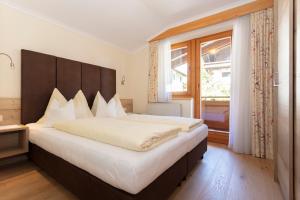 Łóżko lub łóżka w pokoju w obiekcie Appartement Schöne Aussicht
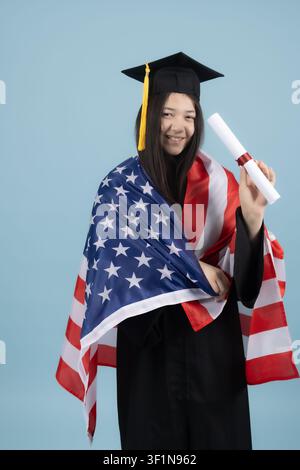 Proud female graduate holding college diploma and American flag Stock Photo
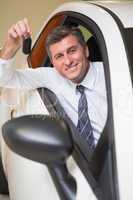 Smiling man holding a car key sitting in his car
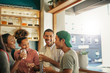 © mavoimages - Diverse young friends talking and drinking together in a bar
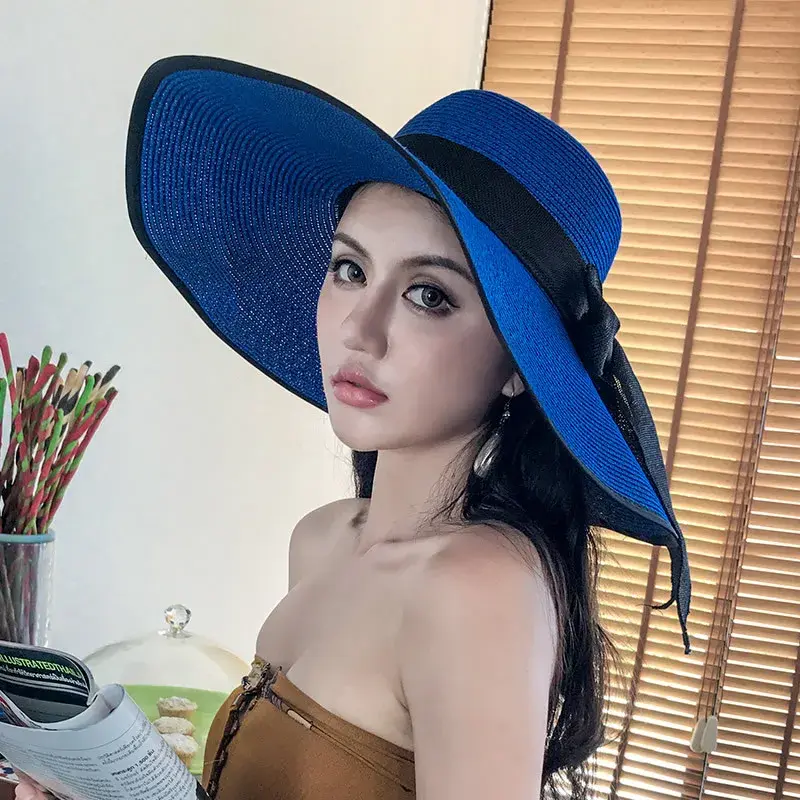 Miniatyrbilde: Woman wearing a large blue sun hat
+--
Line by line, output the material above exactly, passing over the pictures.

§ **Solution to the exercise**
 Łóżko lub łóżka w pokoju w obiekcie Appartement Schöne Aussicht
 Proud female graduate holding college diploma and American flag Stock Photo
 Smiling man holding a car key sitting in his car
 © mavoimages - Diverse young friends talking and drinking together in a bar
 Miniatyrbilde: Woman wearing a large blue sun hat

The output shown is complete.